N.B:La previsione della punibilità, ex art. 319-quater, comma secondo, c.p., del soggetto indotto, in precedenza considerato vittima, sarà operativa, ovviamente, solo per i fatti commessi dopo l'entrata in vigore della detta norma, in applicazione dell'art. 2, comma primo, c.p.
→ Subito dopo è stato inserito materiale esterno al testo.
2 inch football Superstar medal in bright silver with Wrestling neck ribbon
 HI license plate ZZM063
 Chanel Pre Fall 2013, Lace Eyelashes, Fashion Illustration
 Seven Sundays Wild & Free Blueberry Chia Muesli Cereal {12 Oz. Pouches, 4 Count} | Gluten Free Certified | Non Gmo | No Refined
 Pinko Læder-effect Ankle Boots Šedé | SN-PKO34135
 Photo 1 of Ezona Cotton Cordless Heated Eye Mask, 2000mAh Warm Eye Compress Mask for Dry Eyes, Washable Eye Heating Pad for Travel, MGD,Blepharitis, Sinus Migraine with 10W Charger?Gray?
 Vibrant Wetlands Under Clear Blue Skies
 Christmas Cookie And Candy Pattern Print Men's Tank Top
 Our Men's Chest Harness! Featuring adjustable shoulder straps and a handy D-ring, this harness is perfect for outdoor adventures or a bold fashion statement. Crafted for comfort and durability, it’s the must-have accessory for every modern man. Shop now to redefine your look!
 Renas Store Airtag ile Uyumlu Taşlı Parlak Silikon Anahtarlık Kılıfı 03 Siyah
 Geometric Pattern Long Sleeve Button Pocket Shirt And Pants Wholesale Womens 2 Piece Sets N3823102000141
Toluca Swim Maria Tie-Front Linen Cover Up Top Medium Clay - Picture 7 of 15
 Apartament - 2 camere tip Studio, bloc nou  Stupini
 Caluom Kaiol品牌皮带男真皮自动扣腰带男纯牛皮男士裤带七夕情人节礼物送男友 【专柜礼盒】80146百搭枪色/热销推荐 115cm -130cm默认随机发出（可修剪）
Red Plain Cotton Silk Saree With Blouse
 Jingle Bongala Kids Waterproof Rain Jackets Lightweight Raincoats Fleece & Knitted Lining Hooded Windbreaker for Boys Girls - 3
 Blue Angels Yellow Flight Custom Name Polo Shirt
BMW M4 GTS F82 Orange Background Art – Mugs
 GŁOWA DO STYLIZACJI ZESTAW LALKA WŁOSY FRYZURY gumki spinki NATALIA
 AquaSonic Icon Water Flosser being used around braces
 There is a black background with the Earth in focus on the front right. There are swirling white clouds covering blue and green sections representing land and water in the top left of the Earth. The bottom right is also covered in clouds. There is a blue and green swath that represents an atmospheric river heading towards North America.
Con riferimento, in particolare, alla concussione per costrizione di cui al novellato art. 317 c.p., dalla formulazione testuale della norma è stata espunta la categoria soggettiva dell'incaricato di pubblico servizio, il quale, però, ove abbia posto in essere una condotta costrittiva, qualificata dall'abuso di poteri, continua a dover essere punito, considerato che tale condotta, nella sua struttura, rimane comunque inquadrabile in altre fattispecie incriminatrici di "diritto comune" (il reato di estorsione aggravata ex artt. 629 e 61, comma primo, n. 9 c.p. in presenza di deminutio patrimonii; ovvero, difettando questa, il reato di violenza privata aggravata ex artt. 610 e 61, comma primo, n. 9 c.p.; od ancora, se la vittima è stata costretta a prestazioni sessuali, il reato di cui all'art. 609-bis c.p.) che strutturalmente condividono la stessa fisionomia della vecchia fattispecie di concussione per costrizione.

Ovviamente, in sede di diritto intertemporale, deve essere individuato e applicato il regime sanzionatorio più favorevole.